Article publié dans le n°1250 (29 janv. 2023) de Quinzaines

Pour rendre hommage à Gilbert Lascault, ancien collaborateur de La Quinzaine littéraire, puis de La Nouvelle Quinzaine littéraire, nous publions un extrait de l’avant-propos d’un livre qu’il a signé chez l’Arbre vengeur en 2020.
Gilbert Lascault
Petite tétralogie du fallacieux
Pour rendre hommage à Gilbert Lascault, ancien collaborateur de La Quinzaine littéraire, puis de La Nouvelle Quinzaine littéraire, nous publions un extrait de l’avant-propos d’un livre qu’il a signé chez l’Arbre vengeur en 2020.

Gilbert Lascault est à la littérature française ce que Peter Greenaway est au cinéma britannique. Un ludion d’exception, une brillante anomalie que les institutions appréhendent avec difficulté, et une figure que les amateurs et les esthètes chérissent — trop souvent en secret. L’un et l’autre, œuvrant hors des voies trop balisées de la commande, ont su, ont senti comment bâtir au cœur même de leur époque une œuvre bardée d’intelligence accueillante et grave, parée de beautés fugaces, cuirassée de malices.

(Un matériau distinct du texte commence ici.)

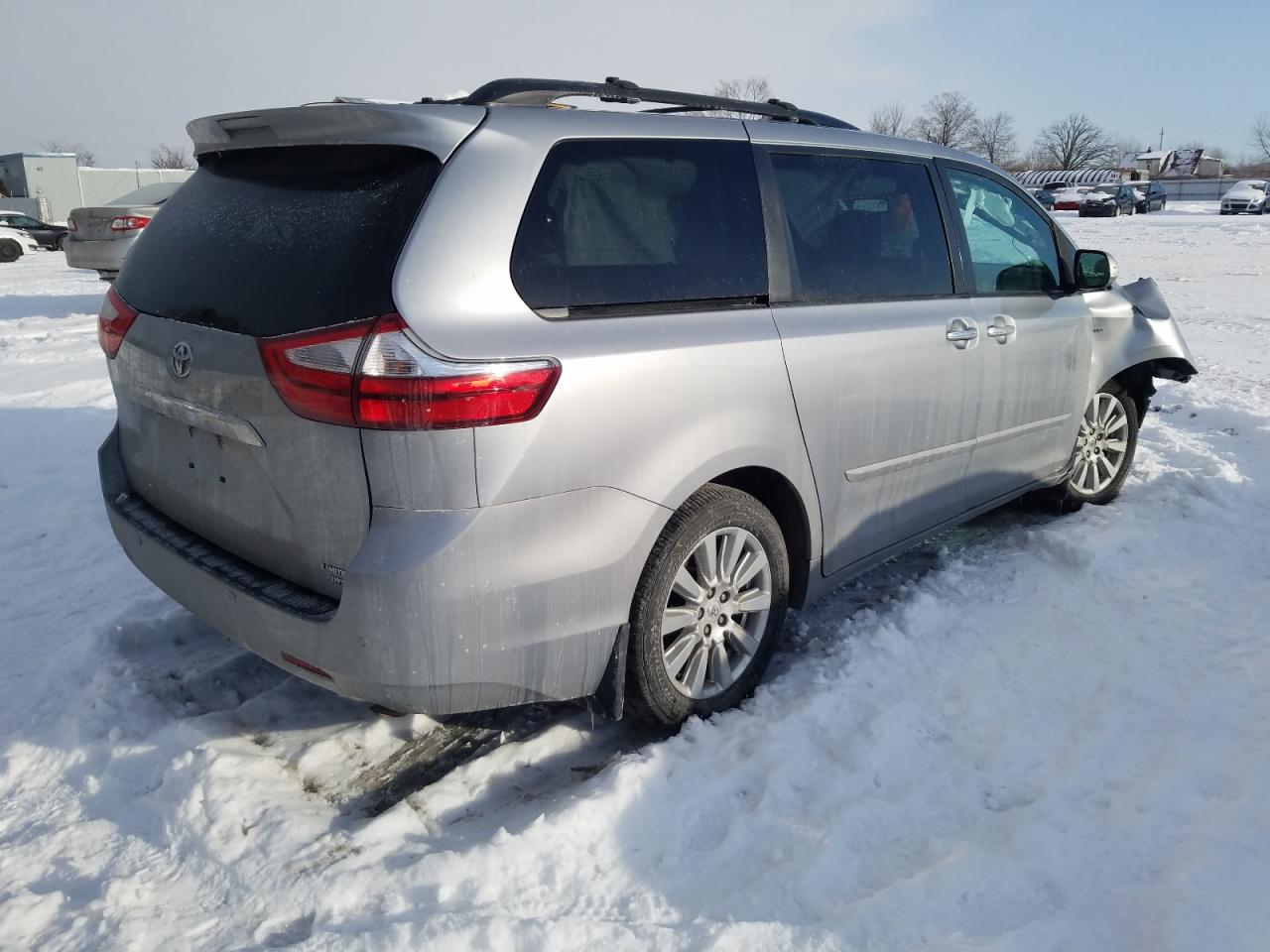 Photo 4 from auction – 2017 TOYOTA SIENNA XLE with VIN 5TDDZ3DC9HS162540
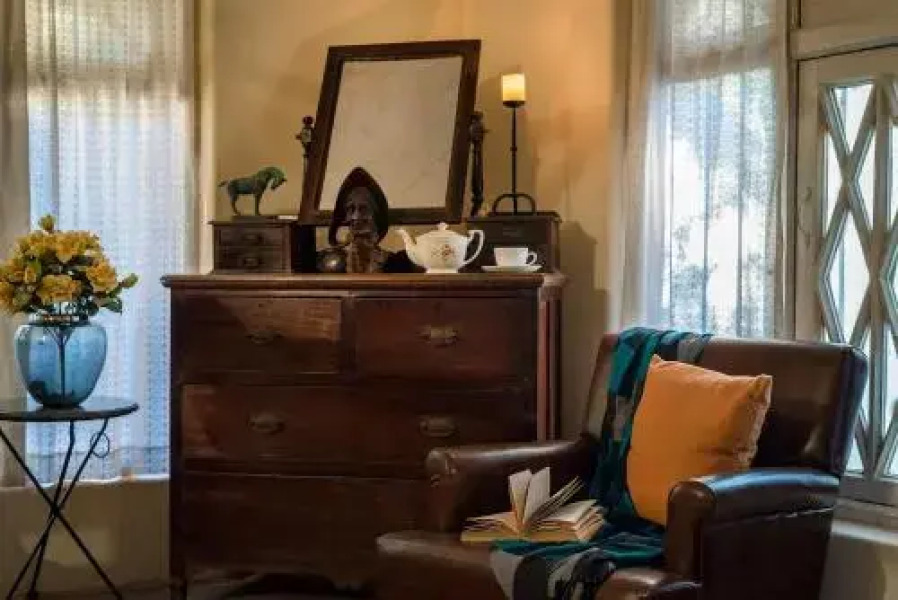 SaffronStays Parsi Manor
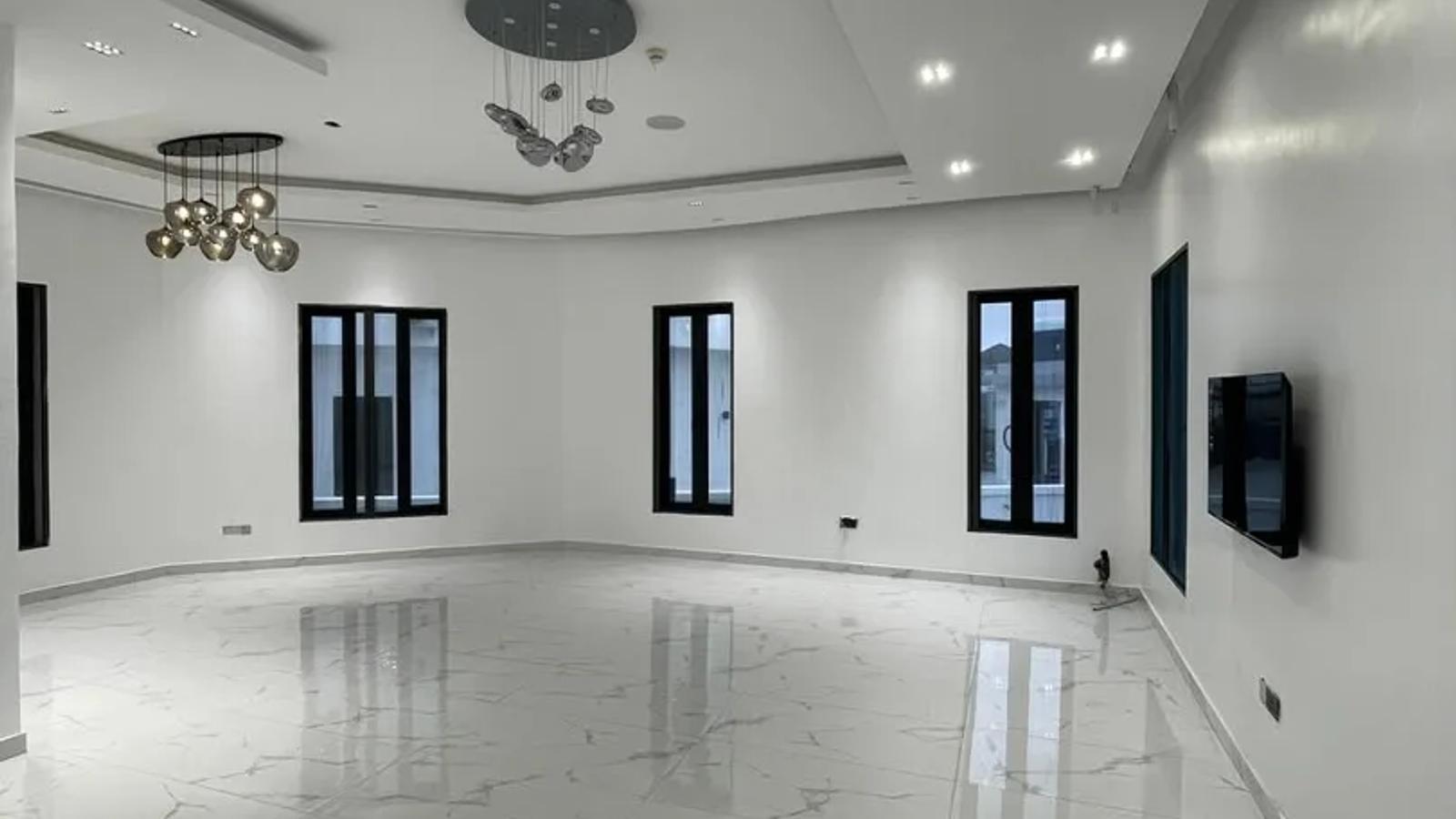 7 Bedroom Fully Detached Duplex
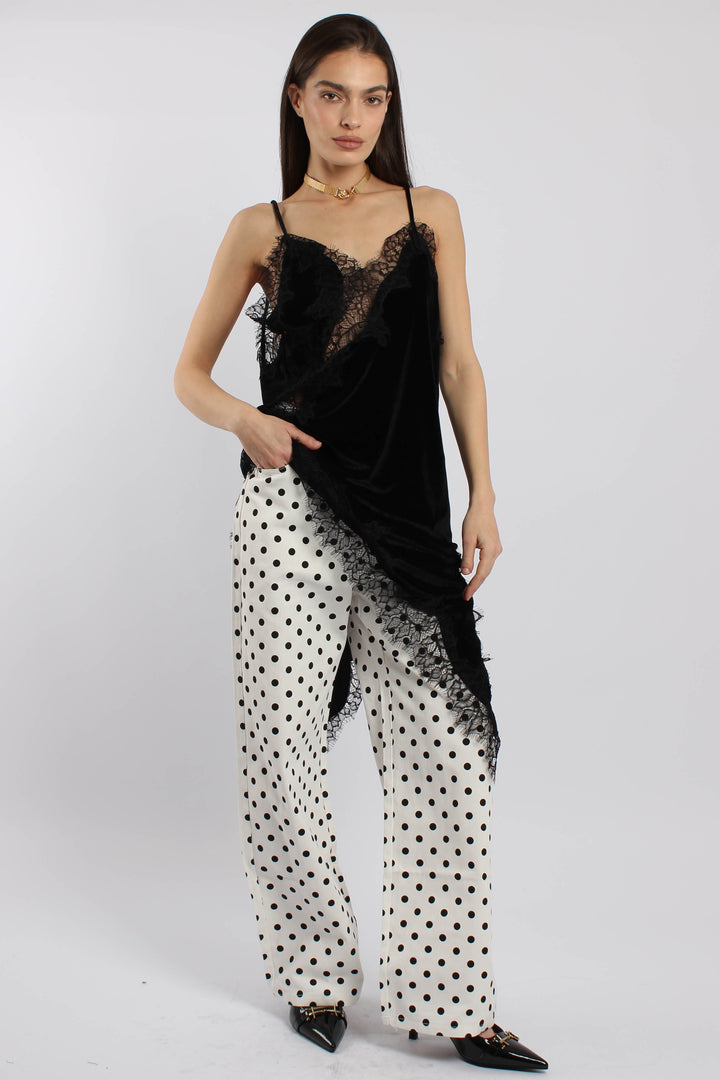 ג׳ינס סת נקודות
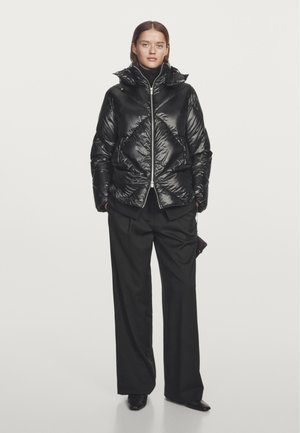 WATER-REPELLENT PUFFER - Dunjakker - black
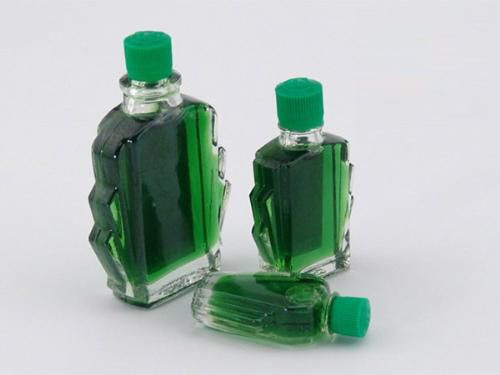 Thoa một chút tinh chất dầu gió lên chân trước khi đi ngủ có thể thúc đẩy quá trình lưu thông khí và huyết trong cơ thể, giúp cơ thể có thể tống khí lạnh và hơi ẩm ra ngoài, cơ thể sẽ trở nên nhẹ nhàng và thoải mái hơn.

À l’instar de Jean Dubuffet ouvrant les portes de l’art en y invitant les zigotos et les refusés, comme le Collège de pataphysique plaidant pour Lautréamont et Jarry, à l’instar de François Caradec, Noël Arnaud ou Anatole Jakovksy militant pour les arts populaires et les recoins peu fréquentés de l’érudition, du bizarre et des savoirs joyeux, Gilbert Lascault a initié avec ses études savantes sur les monstres (Le Monstre dans l’art occidental[1]), ce que Jurgis Baltrusaitis avait lui-même entrepris au sujet des anamorphoses : libéré des dogmes, il faisait pénétrer par les fenêtres de la critique esthétique un univers tout entier, ainsi que l’avait pu tenter, par exemple, mais sur l’air de la chronique, André Pieyre de Mandiargues dans ses pages lunaires de la NRF. Apparemment en apesanteur, Gilbert Lascault trottait au cœur des étrangetés comme Jean Follain jouait dans L’Épicerie d’enfance, ou comme Jacques Réda éprouvait L’Herbe des talus.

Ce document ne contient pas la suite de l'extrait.